Today, America’s increasing obsession with health and wellness may be contributing to the rise of clothing-optional vacations. “Americans have moralized healthy bodies,” said Dacher Keltner, a professor of psychology at the University of California at Berkeley, who has studied moral emotion and judgment. He added that “a case could be made that people are traveling to these places to be pure for moral reasons — to achieve harmony in nature.” It’s really a form of self-expression, he added, that dates back to Walt Whitman and John Muir, as well as Thoreau, all of whom advocated being as true to yourself as possible. “The truest you can be is taking off those clothes,” he said.

Suzann Zane, a 26-year-old bartender from Baltimore, decided to try her first nude vacation this year — a weekend getaway in January to the Avalon Resort in Paw Paw, W. Va. — partly because of her interest in getting back to nature. “I consider myself a minimalist,” said Ms. Zane. “With this big societal push for becoming green, we need to kind of get back to our roots and I thought maybe this would be a good way.” The first clue that this would be a different kind of vacation came on the drive up the long winding road to Avalon. The first sign Ms. Zane said she spotted was one that posted the speed limit at 7 m.p.h. The second announced, “Beyond this point you will encounter nudity.”

When Susan Sullivan, 42, from New Jersey, visited her first nudist resort last year with her boyfriend, John Sheilds, 55, she said she had to warm up to the idea of disrobing in front of strangers by draping a towel over her body when she first went outdoors. But after a short while, she too lost any inhibitions. “You come to the realization you’re looking at those people, you’re not staring at people. They’re not staring at you.”

SpaFinder’s chief executive, Pete Ellis, theorizes that the increase of spas at resorts has influenced the growing acceptance of nudity. After all, disrobing for a massage has become a routine vacation ritual for many travelers. Even the staid Canyon Ranch Resort in Tucson, Ariz., has nude sunbathing decks off both the women’s and men’s locker rooms with an unlimited supply of sunscreen.

Warm-weather resorts from Palm Springs to Miami Beach to the Caribbean say they are seeing (and turning a blind eye to) more topless sunbathing at their pools and beaches as the strength of the euro brings more Europeans, and their more relaxed attitude toward nudity, on vacations to this country.

So many European guests were sunbathing topless on the beach at Starfish Trelawny, an all-inclusive family resort in Jamaica, that the resort put up a bamboo fence at the eastern end of its beach a few years ago to keep conservative guests happy and teenage boys from gawking. And Shan Kanagasingham, the general manager at The Tides, in South Beach, recalls her first stay at the hotel when she got the job about a year ago. “When I checked in for the first time to the Tides — and I’m not making this up — I opened the window and looked out, and all I saw was this sea of breasts and people walking around in G-strings.”

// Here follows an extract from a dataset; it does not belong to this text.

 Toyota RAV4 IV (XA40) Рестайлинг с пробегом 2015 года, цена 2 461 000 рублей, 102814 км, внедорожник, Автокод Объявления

The spa at the Parker Palms Springs, which opened about two years ago, offers separate men’s and women’s areas each with pools and relaxation areas, all of which can be used in the nude. “And trust me, they are,” said Marisa Zafran, the hotel’s spokeswoman.

To make sure the experience doesn’t turn voyeuristic — or into a free love free-for-all, some resorts turn away single men. And most make it clear what the resort offers and what it doesn’t. “We make sure they understand it’s not a sexual kind of place,” said Tom Mulhall, who owns the Terra Cotta Inn in Palm Springs, with his wife, Mary Clare.

And while nude resorts say they don’t pressure guests to strip, guests are expected to be mostly naked for most of their stay. “We allow for the clothing optional until they feel comfortable with their own body and are willing to be nude in public,” said Dave Landman, co-owner of Mira Vista Resort near Tucson. “If someone we get is never nude I go over and say, “why are you here?’”

No matter how popular and upscale nude resorts become, one social convention is unlikely to change: Nudity and family vacations don’t always mix.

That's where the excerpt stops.